Please transcribe the data below exactly. Leave the pictures out.

» Data excerpt:
┏━━

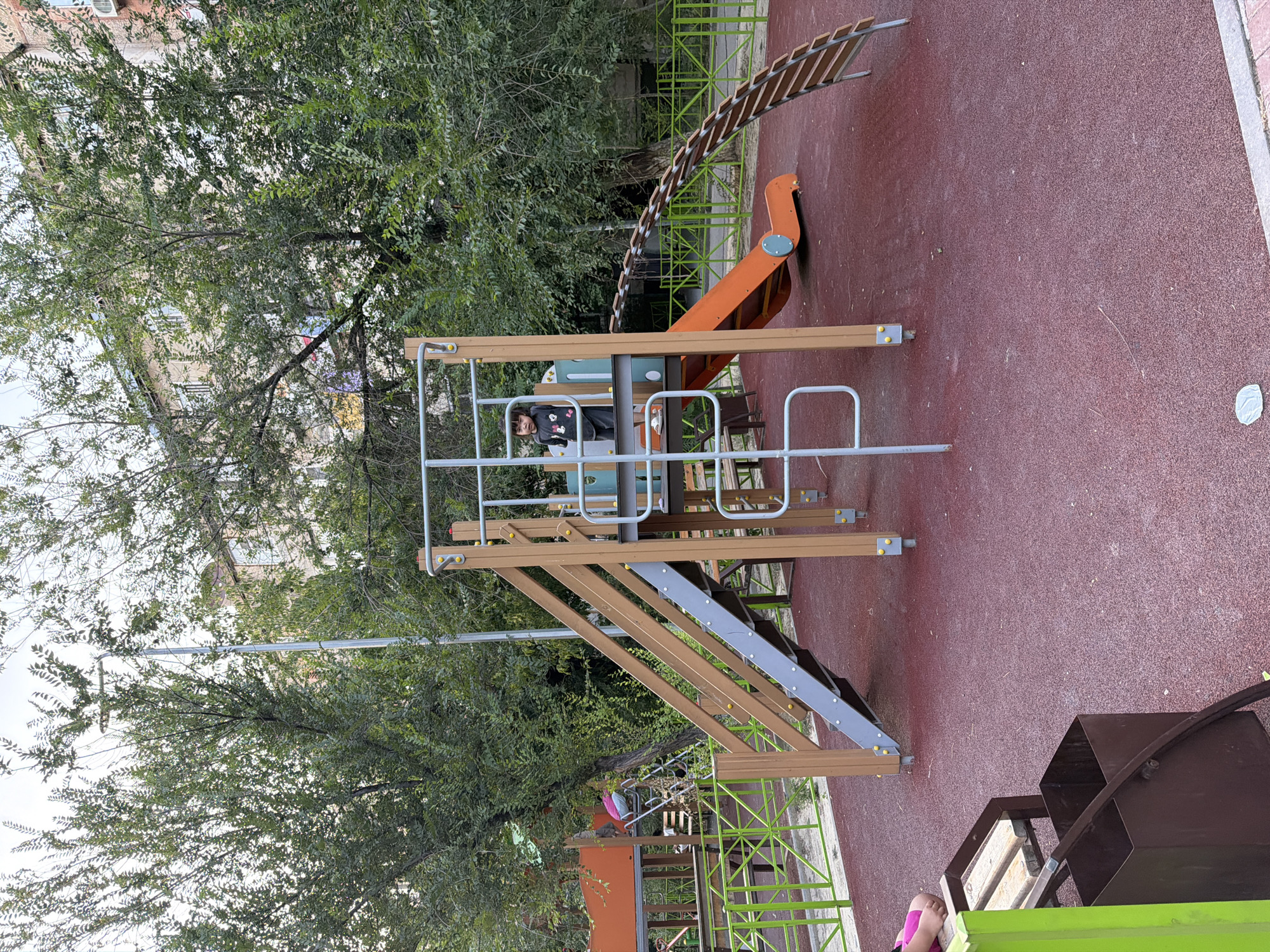 The image shows a children's playground in Shymkent, Kazakhstan. The playground features a multi-level wooden and metal structure with slides, stairs, and a climbing wall. A young child, appearing to be a girl with dark hair wearing a dark shirt, stands on the upper level of the playground. In the foreground, a section of a bench and a metal bin are visible. The playground has a red rubberized safety surface. Green metal fencing surrounds part of the playground. Trees with green foliage are present, and a multi-story building is visible in the background. The lighting suggests it is daytime.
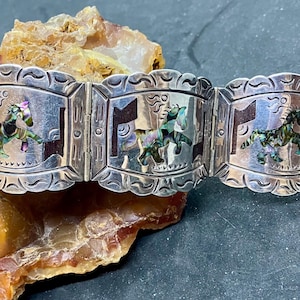 May include: A silver-toned bracelet with a series of rectangular panels, each featuring a horse design with abalone shell inlay. The bracelet has a scalloped edge and is displayed on a natural stone surface. The horse figures are in various poses.
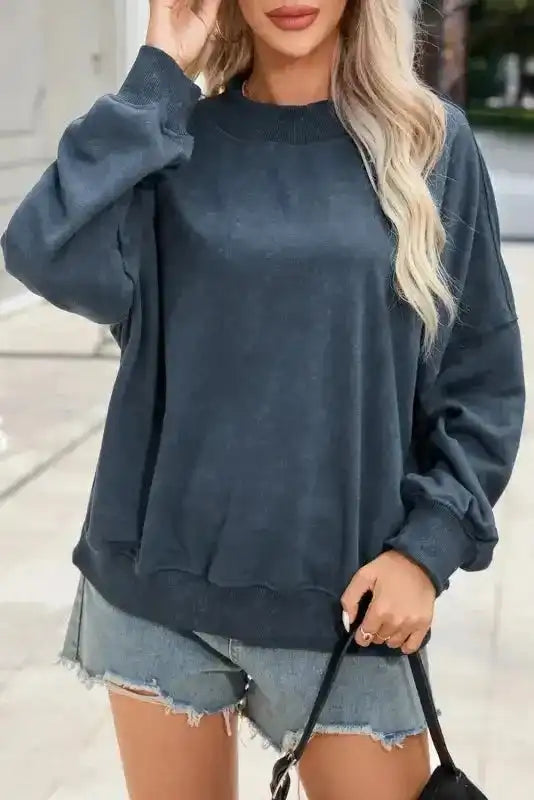 Charcoal Drop Shoulder Crew Neck Sweatshirt styled with denim shorts and handbag, perfect for casual winter outings.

┗━━

» Result for this exercise:
 The image shows a children's playground in Shymkent, Kazakhstan. The playground features a multi-level wooden and metal structure with slides, stairs, and a climbing wall. A young child, appearing to be a girl with dark hair wearing a dark shirt, stands on the upper level of the playground. In the foreground, a section of a bench and a metal bin are visible. The playground has a red rubberized safety surface. Green metal fencing surrounds part of the playground. Trees with green foliage are present, and a multi-story building is visible in the background. The lighting suggests it is daytime.
 May include: A silver-toned bracelet with a series of rectangular panels, each featuring a horse design with abalone shell inlay. The bracelet has a scalloped edge and is displayed on a natural stone surface. The horse figures are in various poses.
 Charcoal Drop Shoulder Crew Neck Sweatshirt styled with denim shorts and handbag, perfect for casual winter outings.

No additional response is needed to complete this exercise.